Transcribe each entry shown below with no difference from the original.
Supplied information Start Marker
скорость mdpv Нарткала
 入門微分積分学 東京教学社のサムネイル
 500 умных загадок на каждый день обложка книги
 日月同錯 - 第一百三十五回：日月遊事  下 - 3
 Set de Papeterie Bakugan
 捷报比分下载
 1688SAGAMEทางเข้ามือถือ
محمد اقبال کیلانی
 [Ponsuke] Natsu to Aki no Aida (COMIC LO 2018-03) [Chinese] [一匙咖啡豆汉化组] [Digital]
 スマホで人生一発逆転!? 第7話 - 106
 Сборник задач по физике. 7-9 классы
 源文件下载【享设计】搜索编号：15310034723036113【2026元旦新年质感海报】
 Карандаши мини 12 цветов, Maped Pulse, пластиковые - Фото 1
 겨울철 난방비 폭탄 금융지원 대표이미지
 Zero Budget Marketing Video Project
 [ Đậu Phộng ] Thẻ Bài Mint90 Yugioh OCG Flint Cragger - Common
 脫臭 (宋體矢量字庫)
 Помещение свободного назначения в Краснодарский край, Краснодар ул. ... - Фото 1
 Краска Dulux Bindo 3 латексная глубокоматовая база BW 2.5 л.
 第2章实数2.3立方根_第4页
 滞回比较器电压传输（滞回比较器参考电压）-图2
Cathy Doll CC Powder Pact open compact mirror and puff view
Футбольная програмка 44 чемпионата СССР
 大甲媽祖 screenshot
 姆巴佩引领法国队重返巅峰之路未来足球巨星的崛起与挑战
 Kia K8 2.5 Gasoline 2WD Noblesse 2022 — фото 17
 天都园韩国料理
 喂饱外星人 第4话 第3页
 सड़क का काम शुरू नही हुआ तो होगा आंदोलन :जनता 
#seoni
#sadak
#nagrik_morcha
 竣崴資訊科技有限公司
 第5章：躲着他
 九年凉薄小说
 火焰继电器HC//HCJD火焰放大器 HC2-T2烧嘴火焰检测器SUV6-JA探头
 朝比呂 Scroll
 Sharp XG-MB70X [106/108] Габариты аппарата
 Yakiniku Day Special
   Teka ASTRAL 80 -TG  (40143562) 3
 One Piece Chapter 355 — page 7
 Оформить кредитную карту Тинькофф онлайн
Supplied information End Marker
# [Written answer]
скорость mdpv Нарткала
 入門微分積分学 東京教学社のサムネイル
 500 умных загадок на каждый день обложка книги
 日月同錯 - 第一百三十五回：日月遊事  下 - 3
 Set de Papeterie Bakugan
 捷报比分下载
 1688SAGAMEทางเข้ามือถือ
محمد اقبال کیلانی
 [Ponsuke] Natsu to Aki no Aida (COMIC LO 2018-03) [Chinese] [一匙咖啡豆汉化组] [Digital]
 スマホで人生一発逆転!? 第7話 - 106
 Сборник задач по физике. 7-9 классы
 源文件下载【享设计】搜索编号：15310034723036113【2026元旦新年质感海报】
 Карандаши мини 12 цветов, Maped Pulse, пластиковые - Фото 1
 겨울철 난방비 폭탄 금융지원 대표이미지
 Zero Budget Marketing Video Project
 [ Đậu Phộng ] Thẻ Bài Mint90 Yugioh OCG Flint Cragger - Common
 脫臭 (宋體矢量字庫)
 Помещение свободного назначения в Краснодарский край, Краснодар ул. ... - Фото 1
 Краска Dulux Bindo 3 латексная глубокоматовая база BW 2.5 л.
 第2章实数2.3立方根_第4页
 滞回比较器电压传输（滞回比较器参考电压）-图2
Cathy Doll CC Powder Pact open compact mirror and puff view
Футбольная програмка 44 чемпионата СССР
 大甲媽祖 screenshot
 姆巴佩引领法国队重返巅峰之路未来足球巨星的崛起与挑战
 Kia K8 2.5 Gasoline 2WD Noblesse 2022 — фото 17
 天都园韩国料理
 喂饱外星人 第4话 第3页
 सड़क का काम शुरू नही हुआ तो होगा आंदोलन :जनता 
#seoni
#sadak
#nagrik_morcha
 竣崴資訊科技有限公司
 第5章：躲着他
 九年凉薄小说
 火焰继电器HC//HCJD火焰放大器 HC2-T2烧嘴火焰检测器SUV6-JA探头
 朝比呂 Scroll
 Sharp XG-MB70X [106/108] Габариты аппарата
 Yakiniku Day Special
   Teka ASTRAL 80 -TG  (40143562) 3
 One Piece Chapter 355 — page 7
 Оформить кредитную карту Тинькофф онлайн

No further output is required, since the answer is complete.